▶ Your objective
Set down the records again, keeping each line exactly as it is.

▶ The data

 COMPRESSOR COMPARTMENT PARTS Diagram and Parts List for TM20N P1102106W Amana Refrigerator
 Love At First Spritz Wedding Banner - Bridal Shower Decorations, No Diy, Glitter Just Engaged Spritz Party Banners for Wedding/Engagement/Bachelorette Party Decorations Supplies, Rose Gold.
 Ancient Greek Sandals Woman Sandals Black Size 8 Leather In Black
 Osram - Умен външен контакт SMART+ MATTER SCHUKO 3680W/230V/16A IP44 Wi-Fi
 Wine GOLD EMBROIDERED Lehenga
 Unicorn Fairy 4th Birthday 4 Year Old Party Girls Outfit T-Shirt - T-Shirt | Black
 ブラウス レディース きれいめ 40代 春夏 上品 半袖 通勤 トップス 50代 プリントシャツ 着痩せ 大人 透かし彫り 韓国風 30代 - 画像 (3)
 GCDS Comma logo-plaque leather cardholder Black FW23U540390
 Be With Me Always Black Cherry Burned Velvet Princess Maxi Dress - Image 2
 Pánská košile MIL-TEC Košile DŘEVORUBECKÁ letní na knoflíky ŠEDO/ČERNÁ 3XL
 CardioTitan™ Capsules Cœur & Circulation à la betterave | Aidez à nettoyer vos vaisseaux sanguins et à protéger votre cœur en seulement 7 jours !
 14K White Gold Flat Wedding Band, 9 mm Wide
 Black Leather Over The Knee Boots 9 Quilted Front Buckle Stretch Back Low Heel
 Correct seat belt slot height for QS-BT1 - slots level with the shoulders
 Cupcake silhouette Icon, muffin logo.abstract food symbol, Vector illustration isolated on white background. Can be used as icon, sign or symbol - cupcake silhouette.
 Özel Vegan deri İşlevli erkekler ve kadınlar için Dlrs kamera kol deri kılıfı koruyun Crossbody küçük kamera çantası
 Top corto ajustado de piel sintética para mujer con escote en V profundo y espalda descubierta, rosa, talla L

▶ Solution
 COMPRESSOR COMPARTMENT PARTS Diagram and Parts List for TM20N P1102106W Amana Refrigerator
 Love At First Spritz Wedding Banner - Bridal Shower Decorations, No Diy, Glitter Just Engaged Spritz Party Banners for Wedding/Engagement/Bachelorette Party Decorations Supplies, Rose Gold.
 Ancient Greek Sandals Woman Sandals Black Size 8 Leather In Black
 Osram - Умен външен контакт SMART+ MATTER SCHUKO 3680W/230V/16A IP44 Wi-Fi
 Wine GOLD EMBROIDERED Lehenga
 Unicorn Fairy 4th Birthday 4 Year Old Party Girls Outfit T-Shirt - T-Shirt | Black
 ブラウス レディース きれいめ 40代 春夏 上品 半袖 通勤 トップス 50代 プリントシャツ 着痩せ 大人 透かし彫り 韓国風 30代 - 画像 (3)
 GCDS Comma logo-plaque leather cardholder Black FW23U540390
 Be With Me Always Black Cherry Burned Velvet Princess Maxi Dress - Image 2
 Pánská košile MIL-TEC Košile DŘEVORUBECKÁ letní na knoflíky ŠEDO/ČERNÁ 3XL
 CardioTitan™ Capsules Cœur & Circulation à la betterave | Aidez à nettoyer vos vaisseaux sanguins et à protéger votre cœur en seulement 7 jours !
 14K White Gold Flat Wedding Band, 9 mm Wide
 Black Leather Over The Knee Boots 9 Quilted Front Buckle Stretch Back Low Heel
 Correct seat belt slot height for QS-BT1 - slots level with the shoulders
 Cupcake silhouette Icon, muffin logo.abstract food symbol, Vector illustration isolated on white background. Can be used as icon, sign or symbol - cupcake silhouette.
 Özel Vegan deri İşlevli erkekler ve kadınlar için Dlrs kamera kol deri kılıfı koruyun Crossbody küçük kamera çantası
 Top corto ajustado de piel sintética para mujer con escote en V profundo y espalda descubierta, rosa, talla L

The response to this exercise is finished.